RFC Errata
Found 2 records.
Status: Reported (2)
RFC 8879, "TLS Certificate Compression", December 2020
Source of RFC: tls (sec)
Errata ID: 8753
Status: Reported
Type: Technical
Publication Format(s) : TEXT, PDF, HTML
Reported By: David Benjamin
Date Reported: 2026-02-11
Section 4 says:
uncompressed_length: The length of the Certificate message once it
is uncompressed. If, after decompression, the specified length
does not match the actual length, the party receiving the invalid
message MUST abort the connection with the "bad_certificate"
alert. The presence of this field allows the receiver to
preallocate the buffer for the uncompressed Certificate message
and enforce limits on the message size before performing
decompression.
compressed_certificate_message: The result of applying the indicated
compression algorithm to the encoded Certificate message that
would have been sent if certificate compression was not in use.
The compression algorithm defines how the bytes in the
compressed_certificate_message field are converted into the
Certificate message.
It should say:
uncompressed_length: The length of the Certificate message once it
is uncompressed. This is the length of the encoded Certificate
structure, without a four-byte handshake header. If, after
decompression, the specified length does not match the actual
length, the party receiving the invalid message MUST abort the
connection with the "bad_certificate" alert. The presence of this
field allows the receiver to preallocate the buffer for the
uncompressed Certificate message and enforce limits on the message
size before performing decompression.
compressed_certificate_message: The result of applying the indicated
compression algorithm to the encoded Certificate message that
would have been sent if certificate compression was not in use.

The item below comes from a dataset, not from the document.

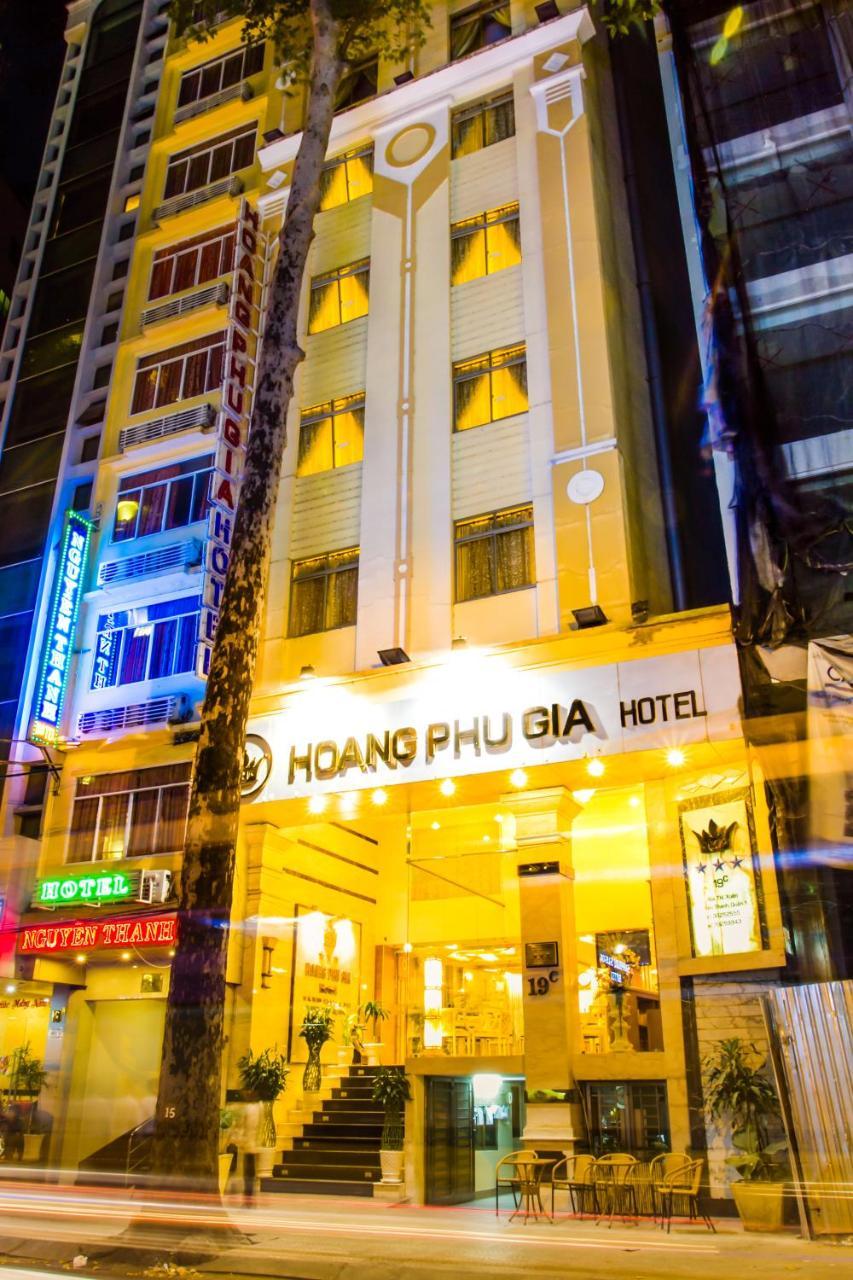 Hoang Phu Gia Hotel Хошимин Экстерьер фото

The compression algorithm defines how the bytes in the
compressed_certificate_message field are converted into the
Certificate message. The input to the compression algorithm is
the encoded Certificate structure, without a four-byte handshake
header.
Notes:
We're often a bit sloppy about whether a "Certificate message" means the literal bytes of the Certificate structure, or also the four-byte header when wrapped in a Handshake structure. Since this is important for interop, explicitly say which we mean. Skimming BoringSSL, NSS, and OpenSSL, we all took this interpretation. This interpretation is also the marginally more size-efficient one.
Errata ID: 8738
Status: Reported
Type: Technical
Publication Format(s) : TEXT
Reported By: Kazu Yamamoto
Date Reported: 2026-02-04
Section 5 says:
After decompression, the Certificate message MUST be processed as if it were encoded without being compressed. This way, the parsing and the verification have the same security properties as they would have in TLS normally.
It should say:
After decompression, the Certificate message MUST be processed as if it were encoded without being compressed, with the exception of the handshake transcript. The CompressedCertificate message is hashed into the handshake transcript (Section 4.4.3 of [RFC8446]) in place of a Certificate message.
Notes:
The corrected text is suggested by Martin Thomson.